Sometimes, I get ideas that stick in my brain and make me wonder if I have a defective model. Usually, the wife tries to talk sense to me and tells me if my idea is truly stupid. However, I’m wondering why she hasn’t said anything about my recent decision to ride my bike 150 miles for charity this fall.
Oh, I’ve had these delusions before. Every year, the Multiple Sclerosis Society holds a charity bike ride, and I always think to myself that this is the year that I am going to train and ride the astronomical number of miles required. Usually, in years past, common sense would kick in and a little voice would say, “Go look in a mirror, chubby. Lance Armstrong, you ain’t. Now, does that look like someone who can ride a bike 150 miles? You couldn’t ride ½ mile downhill with a tailwind! Forget about the Tour de France. You’ve done too many Tour de Fridges! Hey, what does the talking scale say when you step on it? One at a time, please! Hey, where you going? I got a million of ‘em!”

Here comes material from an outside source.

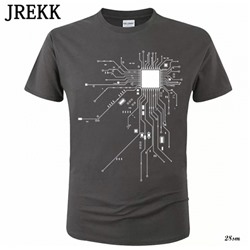 Мужская футболка микросхема темно-серая SM266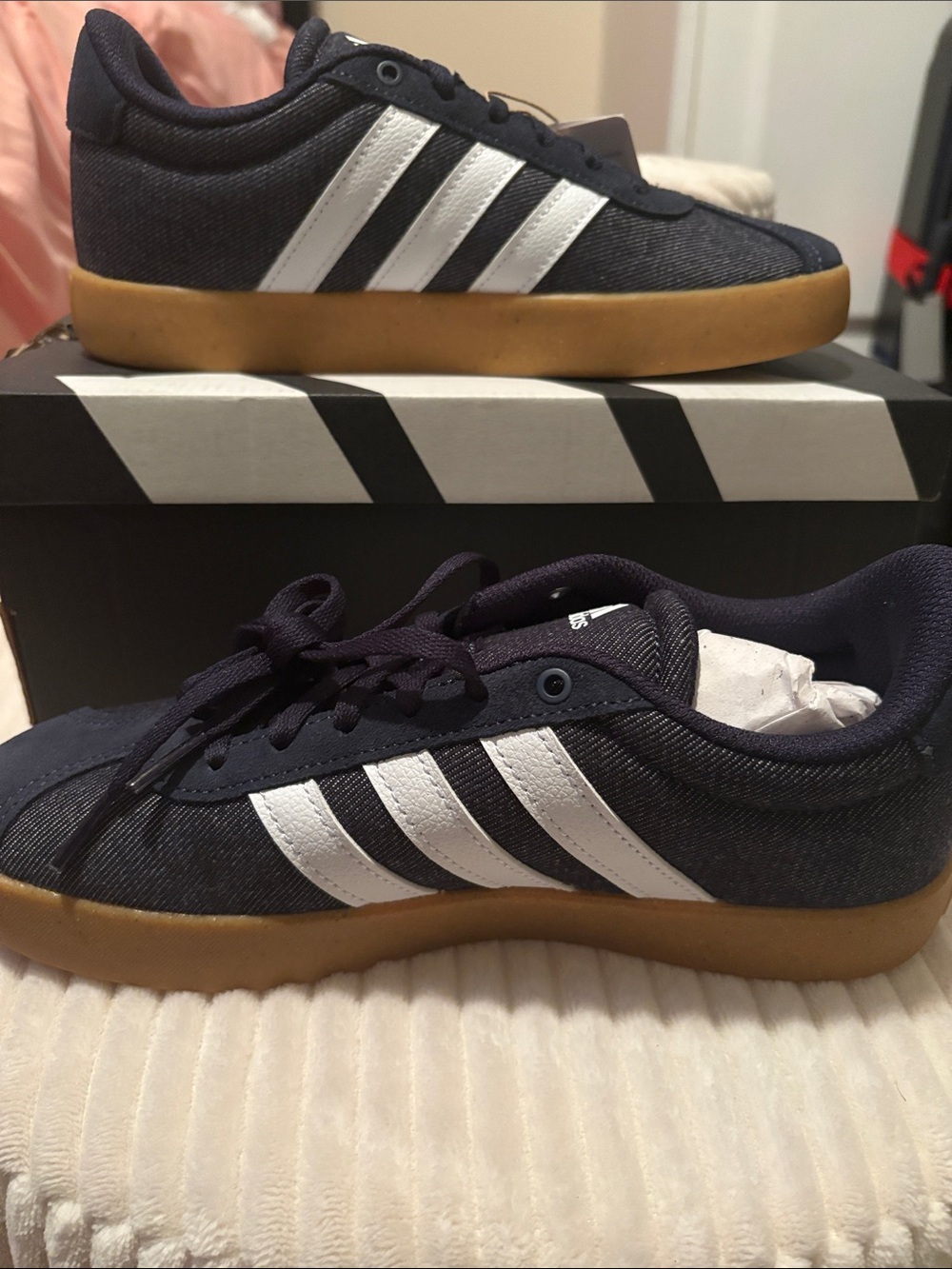 adidas Navy Denim Sneakers with White Stripes and Gum Sole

This year, however, I ignored the rude little voice and proceeded to start training for the bike ride. I wiped the inch of dust off of the old bike, aired up the tires, and made a list of things I needed to properly train for the ride. First of all, I needed a helmet. While this may sound simple enough, when you have a head the size of an Amazon watermelon, you have to special order your bike helmet. Workers at a factory in Guatemala have to weld two giant satellite dishes together in order to fit my noggin. However, lo and behold, I actually found a helmet that fit my dome at a local bike shop, albeit at a hefty price. I checked it off of the list, ignored the other items for the time being, and prepared for my first training run on the trail.
When training to ride 150 miles, I thought I should probably start at about a third of the total…maybe ride 50 miles to start, then work my way up to 150 over the next few weeks. I sat out one bright Saturday morning with a goal of 50 miles. I rode six.
“Come get me!” I told my wife on the cell phone, which was at that point a much more valuable piece of equipment than my helmet. “I think I’m dying! This may be the end for me!”
“Oh my gosh! Are you okay?” she asked. “We’re on our way! Where are you? How far down the trail did you get?”
“I’m at Dairy Queen,” I said. There was a long silence. “Hello? Honey?”
“Dairy Queen?” she asked. “And when exactly did they build a Dairy Queen on the trail?”
I explained that I had somehow got off course and was lost in the wilderness for a while and then, like a mirage in a dessert…err…desert, the Dairy Queen appeared and saved me from almost certain peril.
As you can see, I still have a ways to go in my training. See you on the trail!